Part 2: Why Medical Statistics Don’t Matter When You’re the Patient!

Did you know that doctors can’t accurately predict how long you will live.

That’s very profound information, but I can hear someone saying in response, “I hear you, but my doctor says my condition is too far gone. I’m terminal.”

It is important for you to believe that you can get well!

Your faith in yourself and your body’s ability to heal is the most important ingredient. Don’t listen to or accept any dire predictions doctors and statistics might give you. They can’t accurately predict how long you will live.

Unfortunately, doctors often give patients dire predictions—diagnoses that sound like “death sentences” and predictions of their demise, based on statistics, and the limited outcomes of conventional treatments. Of course, such bleak medical diagnoses are going to have negative impacts on recovery and health.

Patients who have the “will to live” experience a difference in the expression and terminality of their disease, especially cancer, compared to those who have given up.

I once heard Dr. Ernesto Contreras, medical director of the world-famous Oasis of Hope Hospital in Tijuana, Mexico, say, “When a patient comes to us, one of the first things we say is, ‘Only God knows when you’re going to die.’ So let’s work together on healing your body.”

The modern medical model, though powerful, does not explain everything about disease processes. A broader framework is needed that includes how psychological factors affect disease outcome. We would all benefit from better understanding the mind-body connection.
But the link between positive coping styles and favorable disease outcome is still under-researched. The delineation, measurement, and psychophysiology of positive states of mind are sorely neglected.

We, allopathically-trained physicians (doctors who treat illnesses with drugs and surgery), have been taught not to engage our emotions with our patients—to be distant and objective; to palpate, not touch; to hear symptoms, not to listen; to remain uninvolved with our patients.

I disagree with this approach. I believe that love and compassion are key ingredients to healing and life in general. The stance that modern medicine holds is detrimental because it denies our patients these key ingredients.

I recall a study conducted at a Massachusetts hospital. Patients were divided into two groups, a control group that was treated as most patients are pre-operatively, and a group that received a pre-operative visit from an anesthesiologist.

The anesthesiologist would share information about the anesthesia process, and what to expect before and after surgery. Patients in the control group only met the anesthesiologist moments before surgery and weren’t given any additional information.

When you are facing a serious illness…

Many patients have proven to me over the years that we all possess the ability to survive and thrive, and overcome seemingly insurmountable odds. Regardless of the diagnosis and prognosis you are facing, please remember all is not lost.

Men and women like you have faced the challenges of living with and overcoming serious and potentially fatal diseases.
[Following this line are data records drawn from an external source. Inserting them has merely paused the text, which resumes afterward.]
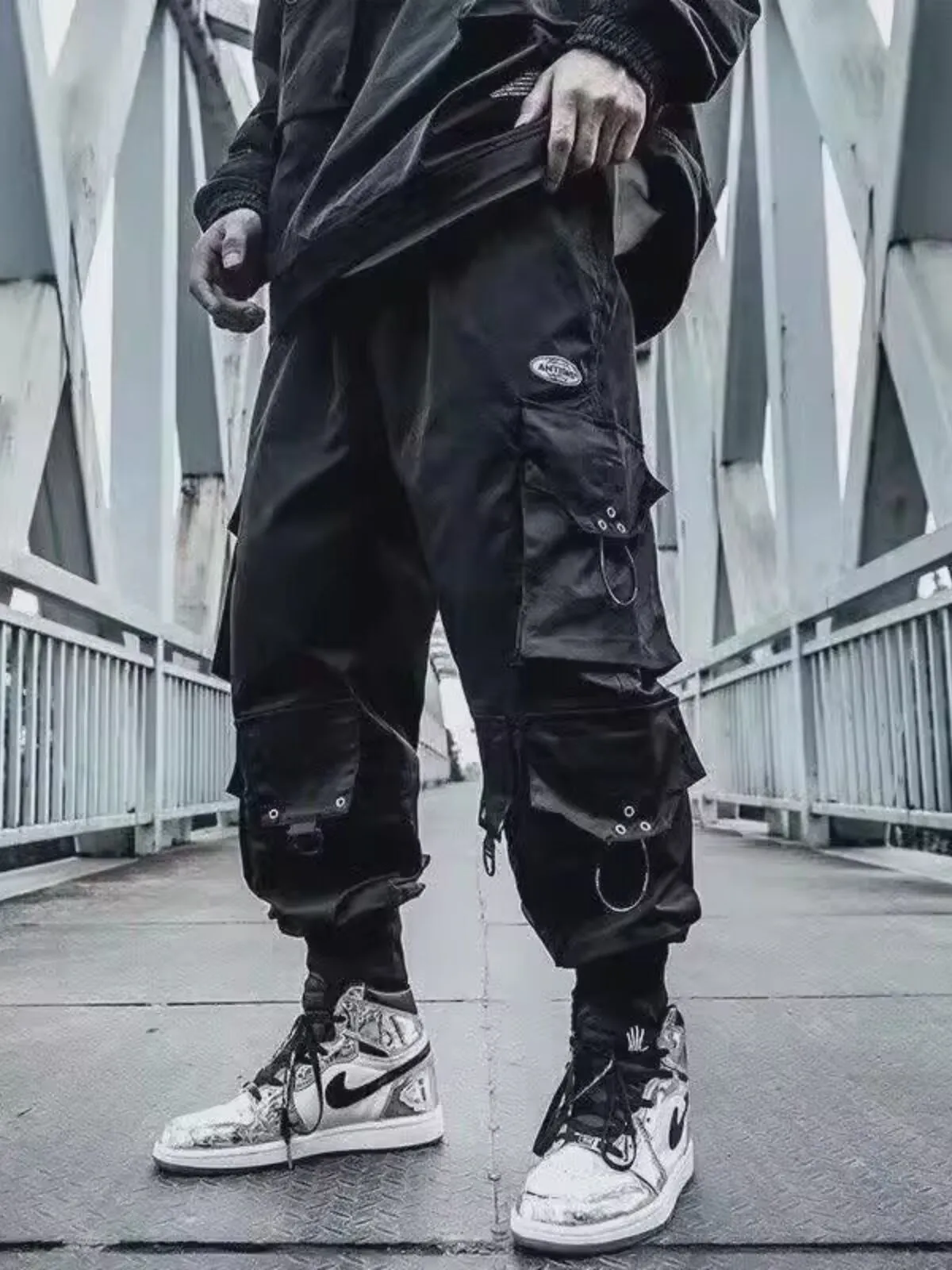 Men's Cargo Pants Hip Hop Streetwear Cotton Joggers Fashion Sweatpants Casual Harem Pants, 1 of 4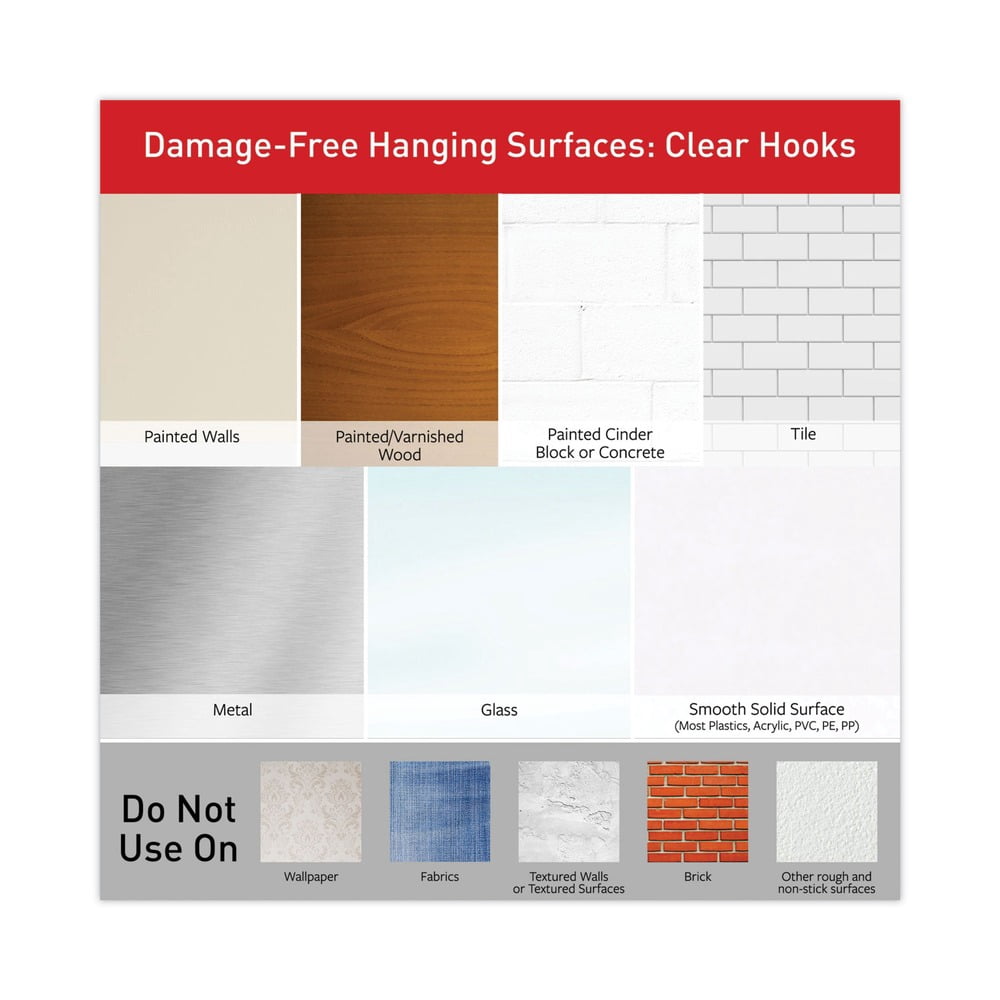 Command Clear Hooks & Strips Plastic Medium 50 Hooks w/50 Adhesive Strips per Carton 17091CLRCABP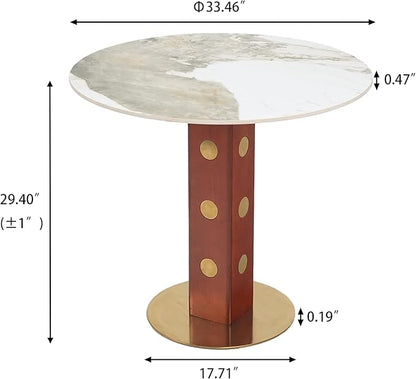 Sintered Stone Office Table and Chair Set - 33.5" Round Table for Small Offices (Red Leg and Pandora Top, 1 Table and 4 Chairs)
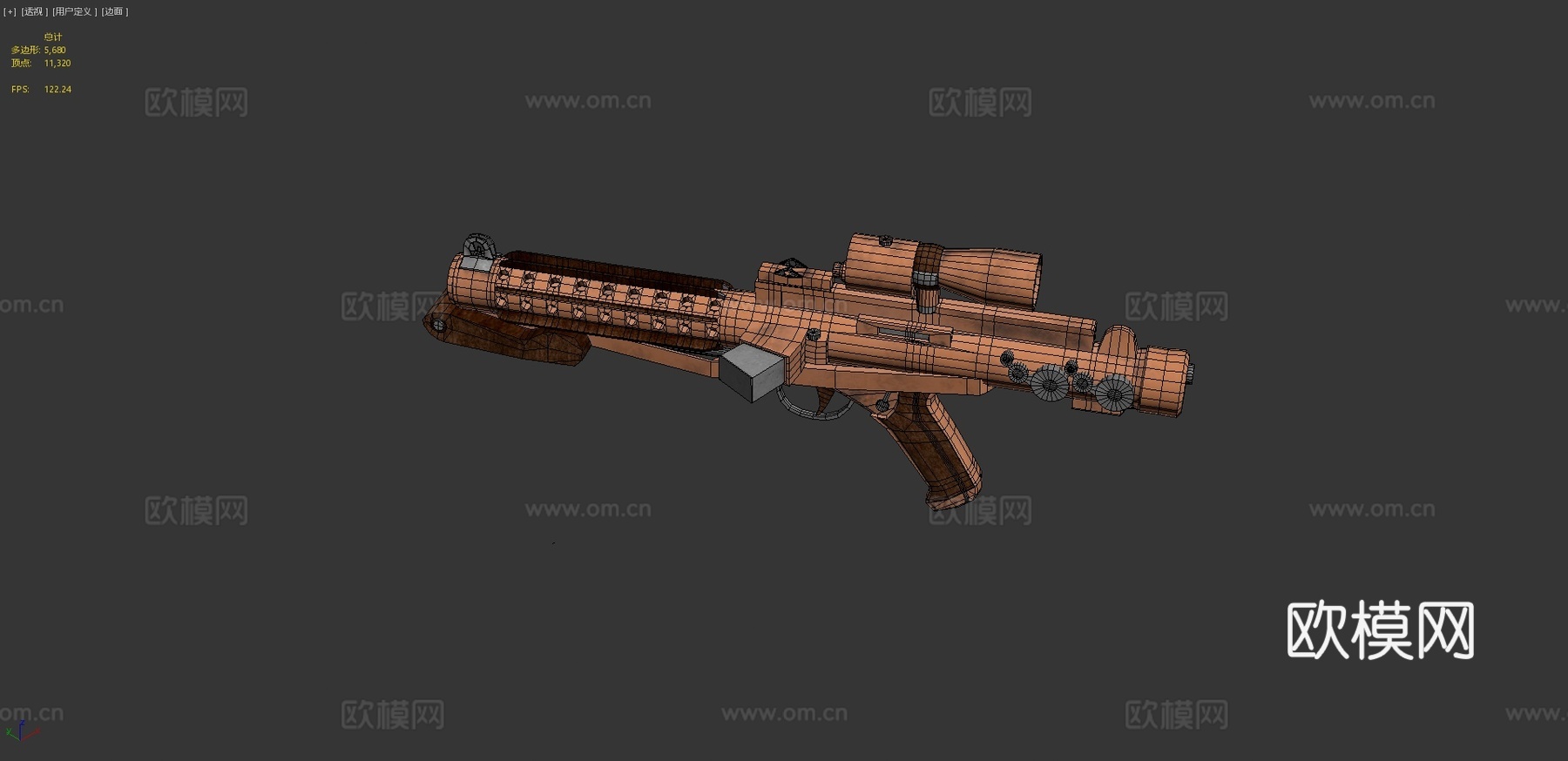 E-11爆破枪(蒸汽朋克)3d模型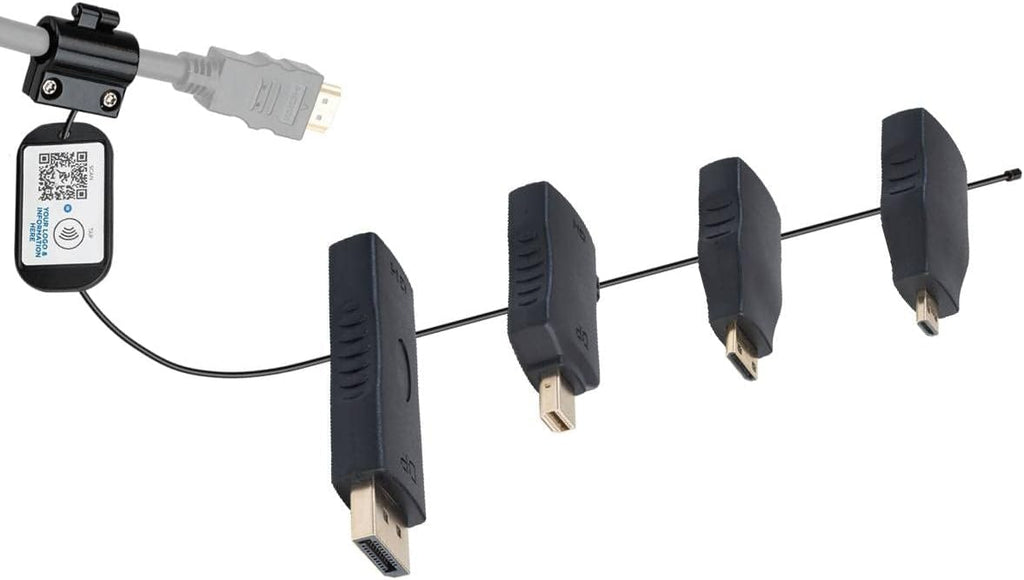 2.0 HDMI Adapter Ring with Micro HDMI, Mini HDMI, DisplayPort & Mini DisplayPort Adapters with Security Cable K67264
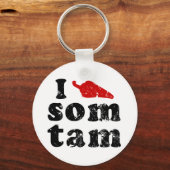 I Love Som Tam ❤ Thai Isaan Food キーホルダー (正面)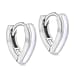 Black Enamel V Shape Huggie Hoop Earrings in Sterling Silver Rhodium Plated
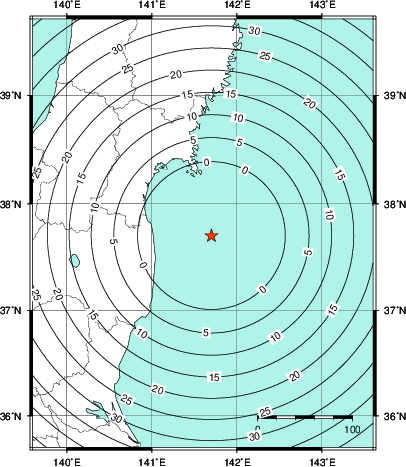 緊急地震速報第1報提供から主要動到達までの時間及び推計震度分布図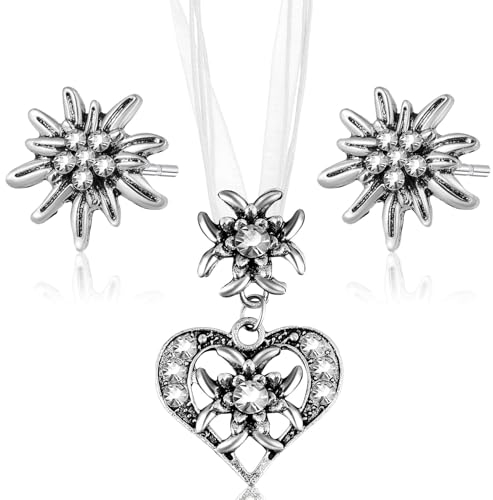 3 Stück Trachtenkette Wiesnherz,Trachtenschmuck Damen Set,Oktoberfest Trachtenschmuck Damen,Edelweiss Dirndl Schmuck für Damen Bierfest Trachten Dirndl Outfit Accessoires Oder Lederhose Damen Tracht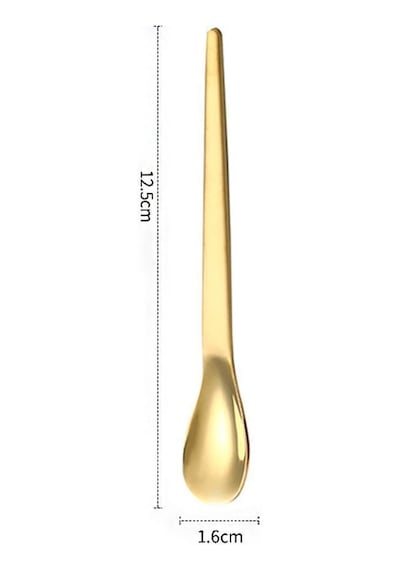 201 Çelik 6 Adet Gold Mat 12,5 Cm Klasik Çay Kaşığı Cin941sr-6 Altın
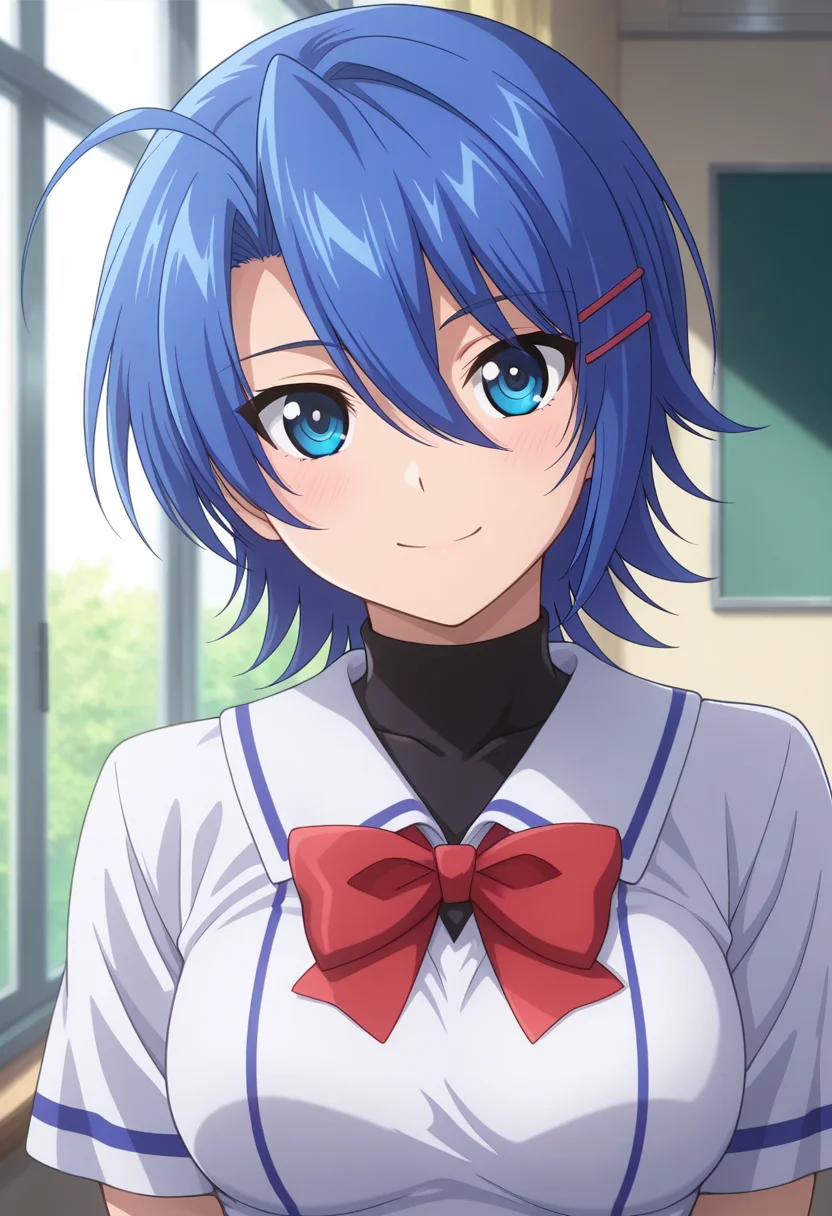 masterpiece, best quality, amazing quality, 1girl, solo, (portrait:1.2), junkoww, blue eyes, blue hair, short hair, hair between eyes, ahoge, hairclip, medium breasts, school uniform, turtleneck, black undershirt, white school shirt, short sleeves, red breasts bow, looking at viewer, smile, indoors, day, skindentation, detailed clothing folds, depth of field, sharp, high contrast, dynamic light <lora:Hattori_Junko_Ichiban_Ushiro_no_Daimaou_ill_v11:0.9>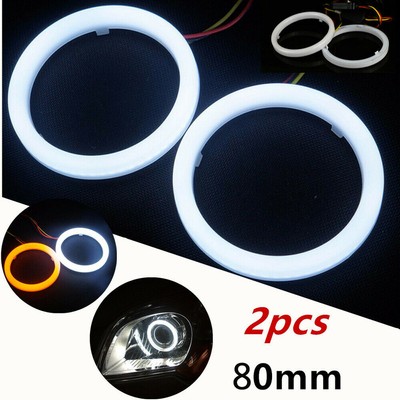 80MM 1-Pair White 80MM 63SMD COB LED Headlight Angel Eyes Bulb Halo Ring Lamp Light with Housing YSY 80MM 1-Pair White 80MM 63SMD COB LED Headlight Angel Eyes Bulb Halo Ring Lamp Light with Housing YSY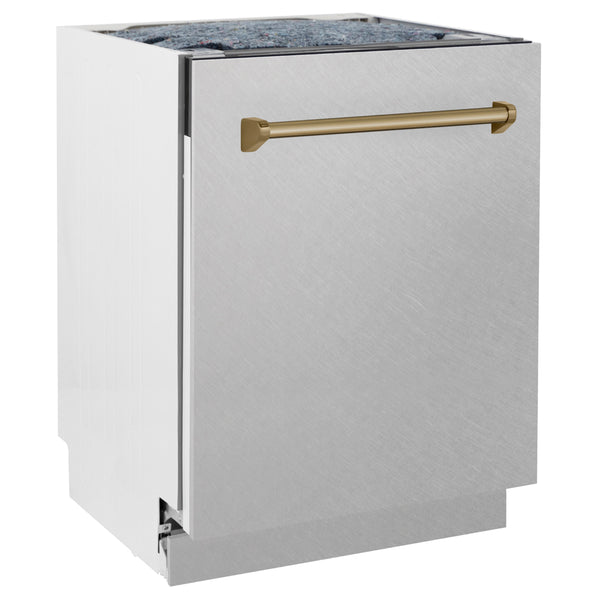 ZLINE Autograph Edition 24 in. Tallac Series 3rd Rack Dishwasher with Auto Door Open Drying, 51dBa, Satin Stainless Steel Panel with Champagne Bronze Handle (DWVZ-SN-24-CB)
These experiences and my spiritual understanding inform me that you, too, can be healed—especially when you unleash the will to live that already resides within you!

While the patients in both groups were similar in terms of age and procedures, the patients to whom the anesthesiologist had spoken prior to surgery had significantly fewer complications and much shorter hospital stays. This study and others I have read confirm my belief that the more communicative, humane, and compassionate we doctors are, the more positive our effect on patient outcomes.
I was taught in medical school that the mind and body are independent of each other, except in the case of “psychosomatic” illness. At the same time, I was taught that the mind could exert a significant influence on the body, as in the placebo effect, when a person is given an inert substance like a sugar pill and told it’s a drug.

(Interestingly, the statistical difference between the “real thing” and the placebo is rarely more than 15%.) A placebo can also exert a negative effect if patients are told that a sugar pill can have a negative effect. This is called a “nocebo” effect. The mind complies to one’s belief and produces a negative, sometimes harmful response.

I believe physicians can induce a “nocebo” effect with pessimistic predictions and “death sentences.” Patients internalize the hopelessness and make it a self-fulfilling prophecy. Fortunately, growing numbers of doctors are being trained today in the role the mind plays in health and disease.